_Your task_.
Using the listing below, print exactly everything from the line with "Portronics Clean G" down to the line with "Lot de 5 jouets", both included, and nothing more.

_Data for review_.
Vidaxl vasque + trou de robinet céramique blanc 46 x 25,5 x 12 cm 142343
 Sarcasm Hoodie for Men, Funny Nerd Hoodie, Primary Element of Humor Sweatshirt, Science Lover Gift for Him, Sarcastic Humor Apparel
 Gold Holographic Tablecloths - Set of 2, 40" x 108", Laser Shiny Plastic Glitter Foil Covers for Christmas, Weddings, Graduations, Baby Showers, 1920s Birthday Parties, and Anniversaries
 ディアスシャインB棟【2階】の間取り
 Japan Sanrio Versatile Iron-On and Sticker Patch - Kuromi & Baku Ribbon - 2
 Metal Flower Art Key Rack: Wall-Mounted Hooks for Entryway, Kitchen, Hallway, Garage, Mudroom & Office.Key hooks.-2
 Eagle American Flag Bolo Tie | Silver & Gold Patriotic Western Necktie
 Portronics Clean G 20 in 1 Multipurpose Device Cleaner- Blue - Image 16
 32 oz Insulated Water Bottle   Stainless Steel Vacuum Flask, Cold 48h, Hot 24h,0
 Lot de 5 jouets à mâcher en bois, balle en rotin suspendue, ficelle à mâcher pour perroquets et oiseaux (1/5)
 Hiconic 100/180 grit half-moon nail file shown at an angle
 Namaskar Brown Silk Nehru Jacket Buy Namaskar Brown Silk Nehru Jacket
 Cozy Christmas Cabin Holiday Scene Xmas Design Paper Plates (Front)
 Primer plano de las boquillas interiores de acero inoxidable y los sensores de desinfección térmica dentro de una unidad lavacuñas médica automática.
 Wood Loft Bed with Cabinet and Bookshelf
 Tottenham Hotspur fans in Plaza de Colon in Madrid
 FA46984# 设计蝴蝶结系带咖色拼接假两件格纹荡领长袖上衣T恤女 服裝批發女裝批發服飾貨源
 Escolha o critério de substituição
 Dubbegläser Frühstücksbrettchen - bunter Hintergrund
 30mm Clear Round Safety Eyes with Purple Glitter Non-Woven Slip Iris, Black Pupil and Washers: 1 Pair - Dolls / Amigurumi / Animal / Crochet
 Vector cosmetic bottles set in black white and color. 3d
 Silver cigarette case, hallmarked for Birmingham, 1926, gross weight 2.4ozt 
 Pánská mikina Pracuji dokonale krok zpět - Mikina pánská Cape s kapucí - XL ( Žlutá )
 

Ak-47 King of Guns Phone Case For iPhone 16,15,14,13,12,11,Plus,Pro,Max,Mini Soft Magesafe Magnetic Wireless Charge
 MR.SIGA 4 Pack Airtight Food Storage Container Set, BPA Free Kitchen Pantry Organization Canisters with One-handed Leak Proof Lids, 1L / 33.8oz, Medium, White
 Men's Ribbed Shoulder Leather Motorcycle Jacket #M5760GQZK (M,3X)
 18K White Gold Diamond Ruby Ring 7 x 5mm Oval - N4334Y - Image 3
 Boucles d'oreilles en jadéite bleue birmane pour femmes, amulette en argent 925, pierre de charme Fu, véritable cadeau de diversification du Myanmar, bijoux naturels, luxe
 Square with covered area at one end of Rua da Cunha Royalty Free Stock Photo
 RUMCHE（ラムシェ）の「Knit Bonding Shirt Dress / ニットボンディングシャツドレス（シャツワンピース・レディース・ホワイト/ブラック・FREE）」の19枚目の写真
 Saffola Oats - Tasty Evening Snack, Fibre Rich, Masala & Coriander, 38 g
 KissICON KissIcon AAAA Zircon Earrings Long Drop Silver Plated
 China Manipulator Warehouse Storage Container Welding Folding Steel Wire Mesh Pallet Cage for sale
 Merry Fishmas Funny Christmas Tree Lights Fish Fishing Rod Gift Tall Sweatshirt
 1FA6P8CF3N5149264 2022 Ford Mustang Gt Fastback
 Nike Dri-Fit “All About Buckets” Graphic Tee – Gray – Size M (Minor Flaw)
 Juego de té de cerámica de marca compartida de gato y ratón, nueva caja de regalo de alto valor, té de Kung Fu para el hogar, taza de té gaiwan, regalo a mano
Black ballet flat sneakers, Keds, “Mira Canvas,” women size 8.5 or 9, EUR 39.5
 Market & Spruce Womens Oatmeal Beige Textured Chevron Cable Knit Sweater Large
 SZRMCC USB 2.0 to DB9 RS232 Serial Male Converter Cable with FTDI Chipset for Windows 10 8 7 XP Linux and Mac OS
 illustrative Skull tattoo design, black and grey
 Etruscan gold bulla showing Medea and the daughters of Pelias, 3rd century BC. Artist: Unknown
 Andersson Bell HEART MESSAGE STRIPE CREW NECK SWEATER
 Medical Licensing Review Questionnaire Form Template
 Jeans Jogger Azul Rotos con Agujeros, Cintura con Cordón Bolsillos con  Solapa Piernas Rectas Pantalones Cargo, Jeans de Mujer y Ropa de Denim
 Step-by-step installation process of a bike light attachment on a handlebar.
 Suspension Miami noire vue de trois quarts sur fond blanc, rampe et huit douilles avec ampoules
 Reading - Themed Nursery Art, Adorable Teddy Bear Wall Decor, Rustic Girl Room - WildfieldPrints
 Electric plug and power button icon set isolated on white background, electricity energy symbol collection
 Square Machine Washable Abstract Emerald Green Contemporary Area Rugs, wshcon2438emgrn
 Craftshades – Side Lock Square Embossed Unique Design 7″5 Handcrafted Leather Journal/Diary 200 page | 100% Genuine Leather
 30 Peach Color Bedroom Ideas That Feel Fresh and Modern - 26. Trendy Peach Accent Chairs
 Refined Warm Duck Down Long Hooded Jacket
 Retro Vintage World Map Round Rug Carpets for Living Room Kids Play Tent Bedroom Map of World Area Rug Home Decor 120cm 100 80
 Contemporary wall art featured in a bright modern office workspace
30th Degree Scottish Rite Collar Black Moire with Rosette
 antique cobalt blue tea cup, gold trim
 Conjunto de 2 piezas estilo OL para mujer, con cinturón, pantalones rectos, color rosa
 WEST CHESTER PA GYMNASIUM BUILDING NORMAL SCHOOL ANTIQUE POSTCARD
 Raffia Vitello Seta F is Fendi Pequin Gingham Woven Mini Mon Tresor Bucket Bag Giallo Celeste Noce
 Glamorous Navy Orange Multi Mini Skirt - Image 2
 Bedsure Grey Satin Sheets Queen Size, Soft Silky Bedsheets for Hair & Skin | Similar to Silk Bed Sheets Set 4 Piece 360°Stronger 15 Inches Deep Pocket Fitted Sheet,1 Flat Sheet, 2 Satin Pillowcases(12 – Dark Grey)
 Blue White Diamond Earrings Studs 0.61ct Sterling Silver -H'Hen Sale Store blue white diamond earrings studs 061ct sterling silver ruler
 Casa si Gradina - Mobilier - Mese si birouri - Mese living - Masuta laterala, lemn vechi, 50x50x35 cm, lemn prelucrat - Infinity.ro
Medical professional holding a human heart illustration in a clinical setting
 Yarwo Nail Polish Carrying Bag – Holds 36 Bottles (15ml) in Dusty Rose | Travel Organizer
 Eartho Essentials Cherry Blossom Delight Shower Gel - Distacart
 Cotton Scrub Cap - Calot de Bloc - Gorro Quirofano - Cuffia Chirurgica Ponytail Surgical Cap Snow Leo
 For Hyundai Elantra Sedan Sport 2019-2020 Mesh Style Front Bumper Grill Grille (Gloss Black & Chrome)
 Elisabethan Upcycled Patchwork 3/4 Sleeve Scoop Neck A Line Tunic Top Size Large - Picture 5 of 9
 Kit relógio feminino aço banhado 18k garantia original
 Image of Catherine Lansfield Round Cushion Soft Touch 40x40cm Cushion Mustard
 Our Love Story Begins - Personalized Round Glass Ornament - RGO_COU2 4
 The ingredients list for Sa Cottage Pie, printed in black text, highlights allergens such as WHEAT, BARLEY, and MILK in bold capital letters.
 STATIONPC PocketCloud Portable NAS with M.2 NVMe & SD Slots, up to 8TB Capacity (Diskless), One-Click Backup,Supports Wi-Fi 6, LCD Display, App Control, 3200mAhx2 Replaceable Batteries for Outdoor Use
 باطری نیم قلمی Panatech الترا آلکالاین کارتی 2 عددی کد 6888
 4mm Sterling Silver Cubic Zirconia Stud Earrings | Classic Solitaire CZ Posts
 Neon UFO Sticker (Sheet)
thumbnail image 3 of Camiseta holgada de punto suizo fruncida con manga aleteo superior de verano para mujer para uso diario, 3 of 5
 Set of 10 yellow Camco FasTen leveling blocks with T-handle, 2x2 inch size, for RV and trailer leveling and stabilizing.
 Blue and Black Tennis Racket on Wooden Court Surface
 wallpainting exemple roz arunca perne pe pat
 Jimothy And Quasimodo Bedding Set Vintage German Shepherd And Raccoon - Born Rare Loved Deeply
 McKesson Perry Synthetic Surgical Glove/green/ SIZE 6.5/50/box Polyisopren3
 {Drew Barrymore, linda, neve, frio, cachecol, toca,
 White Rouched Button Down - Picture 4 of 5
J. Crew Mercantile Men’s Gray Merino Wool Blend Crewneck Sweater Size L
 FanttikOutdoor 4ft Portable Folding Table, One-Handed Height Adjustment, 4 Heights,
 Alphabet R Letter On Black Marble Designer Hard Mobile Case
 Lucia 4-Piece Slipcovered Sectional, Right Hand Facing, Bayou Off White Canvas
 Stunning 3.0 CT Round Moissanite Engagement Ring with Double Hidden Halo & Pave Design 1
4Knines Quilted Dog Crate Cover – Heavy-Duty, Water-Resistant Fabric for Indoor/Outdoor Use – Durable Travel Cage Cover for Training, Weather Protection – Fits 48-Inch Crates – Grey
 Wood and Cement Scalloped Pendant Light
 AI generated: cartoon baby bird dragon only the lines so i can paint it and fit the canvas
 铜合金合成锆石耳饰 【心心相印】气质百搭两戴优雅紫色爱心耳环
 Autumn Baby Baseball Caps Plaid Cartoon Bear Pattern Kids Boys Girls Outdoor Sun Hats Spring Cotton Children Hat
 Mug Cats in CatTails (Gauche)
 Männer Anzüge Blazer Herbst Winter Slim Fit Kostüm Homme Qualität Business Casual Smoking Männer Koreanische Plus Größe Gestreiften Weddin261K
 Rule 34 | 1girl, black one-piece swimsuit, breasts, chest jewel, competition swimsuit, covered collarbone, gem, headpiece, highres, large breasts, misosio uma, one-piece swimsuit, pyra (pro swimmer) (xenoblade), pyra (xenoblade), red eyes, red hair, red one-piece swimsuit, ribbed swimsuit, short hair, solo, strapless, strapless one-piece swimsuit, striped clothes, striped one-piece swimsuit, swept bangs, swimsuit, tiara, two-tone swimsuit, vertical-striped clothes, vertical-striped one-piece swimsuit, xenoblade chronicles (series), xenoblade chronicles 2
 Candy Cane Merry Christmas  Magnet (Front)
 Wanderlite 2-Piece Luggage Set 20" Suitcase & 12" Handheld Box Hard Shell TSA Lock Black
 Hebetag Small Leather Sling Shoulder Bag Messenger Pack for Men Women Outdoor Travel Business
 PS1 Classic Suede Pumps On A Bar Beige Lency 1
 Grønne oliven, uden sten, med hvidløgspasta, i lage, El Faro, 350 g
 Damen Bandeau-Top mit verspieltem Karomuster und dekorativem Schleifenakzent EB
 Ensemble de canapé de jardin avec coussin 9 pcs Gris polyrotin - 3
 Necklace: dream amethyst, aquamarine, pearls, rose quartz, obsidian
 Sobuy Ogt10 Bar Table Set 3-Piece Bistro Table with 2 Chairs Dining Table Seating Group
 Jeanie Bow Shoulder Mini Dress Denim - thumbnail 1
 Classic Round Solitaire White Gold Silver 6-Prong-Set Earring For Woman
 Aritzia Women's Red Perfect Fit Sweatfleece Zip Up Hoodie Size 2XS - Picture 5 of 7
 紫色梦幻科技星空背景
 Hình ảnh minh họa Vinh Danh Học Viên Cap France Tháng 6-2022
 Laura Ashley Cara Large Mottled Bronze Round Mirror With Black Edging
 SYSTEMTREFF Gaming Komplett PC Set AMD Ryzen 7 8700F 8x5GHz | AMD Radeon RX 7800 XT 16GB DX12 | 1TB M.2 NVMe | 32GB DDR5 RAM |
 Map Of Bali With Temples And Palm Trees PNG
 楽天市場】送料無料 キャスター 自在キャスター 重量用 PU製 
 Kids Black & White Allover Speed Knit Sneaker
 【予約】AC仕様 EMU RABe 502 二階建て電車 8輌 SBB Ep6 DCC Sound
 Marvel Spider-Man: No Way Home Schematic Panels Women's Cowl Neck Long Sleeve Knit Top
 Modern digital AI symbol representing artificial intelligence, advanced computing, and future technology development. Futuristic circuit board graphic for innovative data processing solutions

_Answer for this exercise_.
 Portronics Clean G 20 in 1 Multipurpose Device Cleaner- Blue - Image 16
 32 oz Insulated Water Bottle   Stainless Steel Vacuum Flask, Cold 48h, Hot 24h,0
 Lot de 5 jouets à mâcher en bois, balle en rotin suspendue, ficelle à mâcher pour perroquets et oiseaux (1/5)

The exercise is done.